(Input data begins)

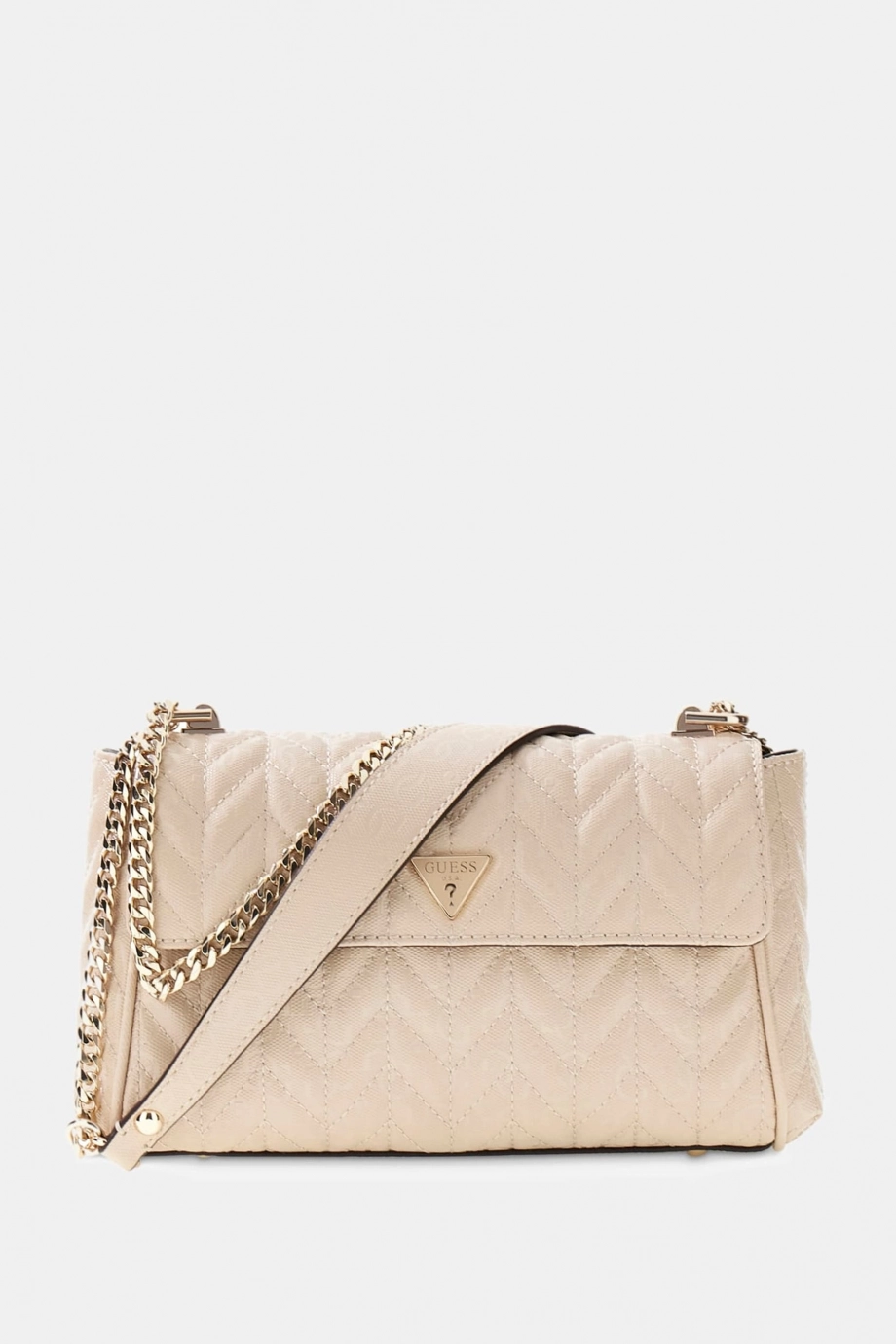 Guess Stacey Dönüştürülebilir Kapaklı Kadın Pembe Çapraz Çanta HWGG9741210-LBG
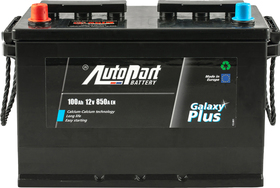 Аккумулятор AutoParts 6 CT-100-L Galaxy Plus Japanese arl100076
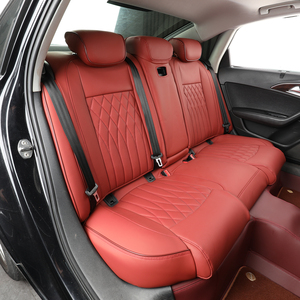 EKR Automotive Interior Accessories Nappa Leather Set completo <span class=keywords><strong>coprisedili</strong></span> auto personalizzati per <span class=keywords><strong>Audi</strong></span> <span class=keywords><strong>A6</strong></span> - Product Image 3
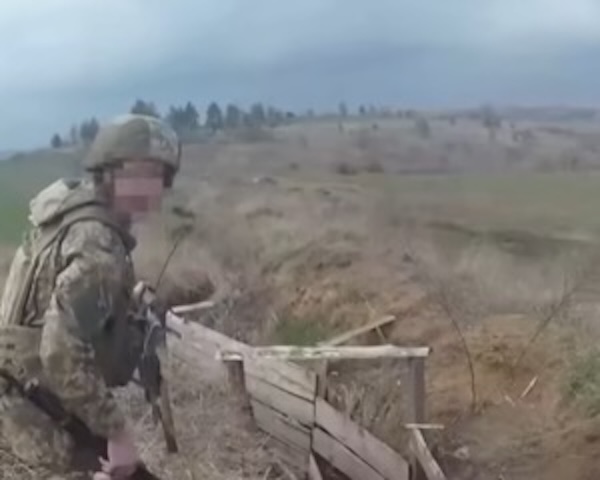 Разведчик самостоятельно остановил наступление врага на Купянщине - видео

(Input data ends)

Repeat, exactly and in full, each line from the start of the data to the line that contains "Аккумулятор AutoParts 6". Pictures do not go in.

 Guess Stacey Dönüştürülebilir Kapaklı Kadın Pembe Çapraz Çanta HWGG9741210-LBG
 Аккумулятор AutoParts 6 CT-100-L Galaxy Plus Japanese arl100076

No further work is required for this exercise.